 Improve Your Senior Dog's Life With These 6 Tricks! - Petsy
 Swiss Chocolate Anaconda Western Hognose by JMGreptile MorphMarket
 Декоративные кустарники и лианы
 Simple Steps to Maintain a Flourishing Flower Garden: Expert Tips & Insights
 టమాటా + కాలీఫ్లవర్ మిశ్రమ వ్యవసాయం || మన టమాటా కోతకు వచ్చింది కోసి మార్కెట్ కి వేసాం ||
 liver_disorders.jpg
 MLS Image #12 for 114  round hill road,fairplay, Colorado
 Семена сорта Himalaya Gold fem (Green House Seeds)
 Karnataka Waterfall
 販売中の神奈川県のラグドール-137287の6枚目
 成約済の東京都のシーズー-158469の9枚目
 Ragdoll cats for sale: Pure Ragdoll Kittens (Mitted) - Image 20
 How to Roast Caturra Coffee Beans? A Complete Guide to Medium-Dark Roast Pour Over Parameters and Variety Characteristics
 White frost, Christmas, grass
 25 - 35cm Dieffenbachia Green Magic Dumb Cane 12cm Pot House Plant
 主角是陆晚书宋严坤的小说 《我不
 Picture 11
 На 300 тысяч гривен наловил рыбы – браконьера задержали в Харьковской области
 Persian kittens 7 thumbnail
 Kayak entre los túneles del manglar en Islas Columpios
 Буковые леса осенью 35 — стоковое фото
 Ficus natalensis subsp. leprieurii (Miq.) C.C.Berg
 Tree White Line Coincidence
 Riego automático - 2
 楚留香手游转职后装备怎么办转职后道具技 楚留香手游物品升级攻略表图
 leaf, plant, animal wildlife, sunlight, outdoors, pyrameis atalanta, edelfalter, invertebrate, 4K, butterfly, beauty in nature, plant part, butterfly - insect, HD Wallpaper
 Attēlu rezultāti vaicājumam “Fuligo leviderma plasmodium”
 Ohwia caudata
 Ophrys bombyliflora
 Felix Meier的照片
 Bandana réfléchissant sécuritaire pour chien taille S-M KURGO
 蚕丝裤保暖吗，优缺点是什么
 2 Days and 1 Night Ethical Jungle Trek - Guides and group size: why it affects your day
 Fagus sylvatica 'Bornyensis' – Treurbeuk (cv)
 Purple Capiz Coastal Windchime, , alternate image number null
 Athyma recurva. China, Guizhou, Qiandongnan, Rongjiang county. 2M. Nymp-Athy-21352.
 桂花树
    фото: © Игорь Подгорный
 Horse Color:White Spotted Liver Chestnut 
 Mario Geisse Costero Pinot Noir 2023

^^^^

EXERCISE:
The response should repeat the whole listing exactly.

ANSWER TO THE EXERCISE:
 Improve Your Senior Dog's Life With These 6 Tricks! - Petsy
 Swiss Chocolate Anaconda Western Hognose by JMGreptile MorphMarket
 Декоративные кустарники и лианы
 Simple Steps to Maintain a Flourishing Flower Garden: Expert Tips & Insights
 టమాటా + కాలీఫ్లవర్ మిశ్రమ వ్యవసాయం || మన టమాటా కోతకు వచ్చింది కోసి మార్కెట్ కి వేసాం ||
 liver_disorders.jpg
 MLS Image #12 for 114  round hill road,fairplay, Colorado
 Семена сорта Himalaya Gold fem (Green House Seeds)
 Karnataka Waterfall
 販売中の神奈川県のラグドール-137287の6枚目
 成約済の東京都のシーズー-158469の9枚目
 Ragdoll cats for sale: Pure Ragdoll Kittens (Mitted) - Image 20
 How to Roast Caturra Coffee Beans? A Complete Guide to Medium-Dark Roast Pour Over Parameters and Variety Characteristics
 White frost, Christmas, grass
 25 - 35cm Dieffenbachia Green Magic Dumb Cane 12cm Pot House Plant
 主角是陆晚书宋严坤的小说 《我不
 Picture 11
 На 300 тысяч гривен наловил рыбы – браконьера задержали в Харьковской области
 Persian kittens 7 thumbnail
 Kayak entre los túneles del manglar en Islas Columpios
 Буковые леса осенью 35 — стоковое фото
 Ficus natalensis subsp. leprieurii (Miq.) C.C.Berg
 Tree White Line Coincidence
 Riego automático - 2
 楚留香手游转职后装备怎么办转职后道具技 楚留香手游物品升级攻略表图
 leaf, plant, animal wildlife, sunlight, outdoors, pyrameis atalanta, edelfalter, invertebrate, 4K, butterfly, beauty in nature, plant part, butterfly - insect, HD Wallpaper
 Attēlu rezultāti vaicājumam “Fuligo leviderma plasmodium”
 Ohwia caudata
 Ophrys bombyliflora
 Felix Meier的照片
 Bandana réfléchissant sécuritaire pour chien taille S-M KURGO
 蚕丝裤保暖吗，优缺点是什么
 2 Days and 1 Night Ethical Jungle Trek - Guides and group size: why it affects your day
 Fagus sylvatica 'Bornyensis' – Treurbeuk (cv)
 Purple Capiz Coastal Windchime, , alternate image number null
 Athyma recurva. China, Guizhou, Qiandongnan, Rongjiang county. 2M. Nymp-Athy-21352.
 桂花树
    фото: © Игорь Подгорный
 Horse Color:White Spotted Liver Chestnut 
 Mario Geisse Costero Pinot Noir 2023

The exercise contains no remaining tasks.